The high number of interfaces involved has made airfreight highly complex. This came at a cost, and brought the risk of fatal delay, Hughes said during IATA’s Media Day today in Geneva. “If airfreight wants to position itself as [part of] a fast, efficient supply chain, it needs to address these complexities,” he said.
Air transportation costs have halved in real terms over the last 40 years, but the industry has passed all the savings on to customers and therefore has been unable to update its systems and processes.
One reason for the slow take-up of IATA’s e-freight initiative, which aims to take the paperwork out of the air transport process but hasn’t achieved its expected goals, was lack of commitment by cash-strapped operators.
“As an industry there isn’t the capacity to invest,” Hughes said. “We’re having to demonstrate the benefits up front. We have to join the queue–and go up the queue–to get the investment from carriers.”
Among many challenges to the industry is the growing trend for people to shop online. Only 12 percent of the public now shop exclusively in “bricks-and-mortar” stores. This trend, and the increasing number of airline passengers from emerging economies “self-shipping” by flying with large quantities of goods for onward sale at home, means the industry must consider offering new types of services, Hughes said. “Our solutions must align with consumer demands. We have to redefine our relationship with freight forwarders so we have the right bedrock.”
IATA has belatedly realized it needs to revolutionize the “agency model,” its longstanding legal framework established back in the day when freight forwarders acted as agents for airlines and sold a standard tariff on a commission basis. Forwarders now work on behalf of the shipper but the IATA program has not kept up to date with this, Hughes acknowledged.
The new legal relationship between airlines and forwarders must be partnership-based and must evolve to address a B-to-C (business to consumer) and even a C-to-C (consumer to consumer) world, he said.

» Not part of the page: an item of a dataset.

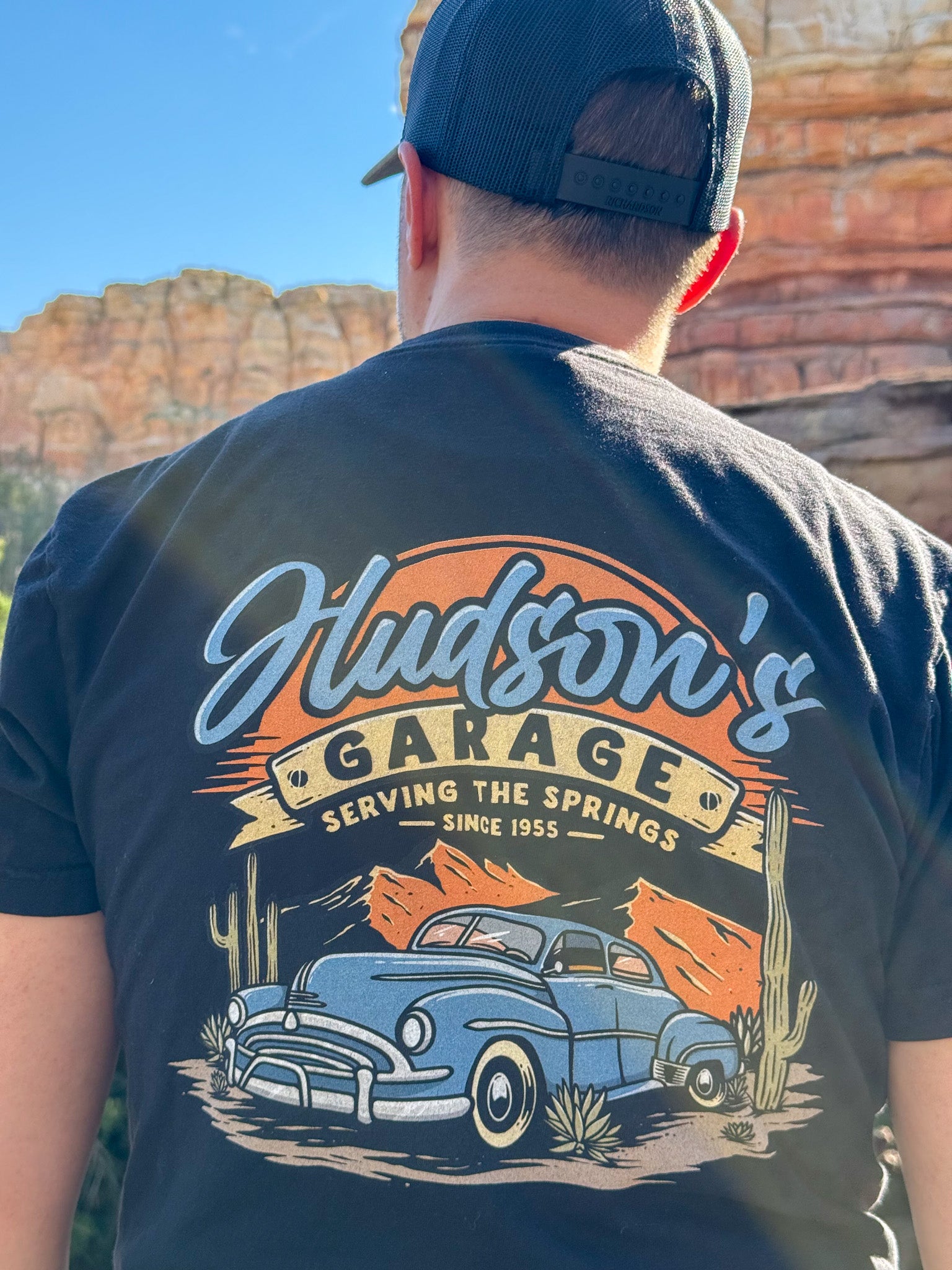 Hudson's Garage 2.0 - 100% Cotton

IATA has worked through every component of the existing agency program with forwarders’ organization FIATA. The IATA board last week formally endorsed a new approach, as FIATA had already done at its World Congress in Los Angeles in September. IATA is now set to adopt new resolutions paving the way for a more market-based relationship with forwarders at a member conference next year, ready for rollout in early 2014.

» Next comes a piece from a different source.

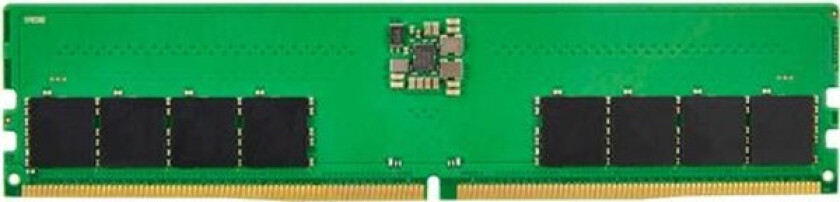 - DDR5 - module - 32 GB - DIMM 288-pin - 4800 MHz / PC5-38400 - unbuffered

In further recognition that its historic regulations and standards are no longer appropriate to today’s airfreight environment, IATA is separating regulations for handling of time- and temperature-sensitive healthcare products from the perishables regulations in which they are currently embedded. New stand-alone regulations will be introduced from the end of December, the Geneva meeting was told.
Meanwhile, hazardous cargo regulations are to be introduced in 2013 to ensure safe carriage of lithium batteries. Dave Brennan, IATA’s assistant director for cargo safety standards, said that such batteries had caused fires on board aircraft, killing crews in two instances.
The batteries have become so ubiquitous that manufacturers of products such as smart gas and electricity meters now find themselves carrying dangerous goods, perhaps without even realizing it.
Brennan said tougher rules would lead to more accurate declarations and give flight crews better information on what they are carrying, allowing them to react more quickly if incidents occur.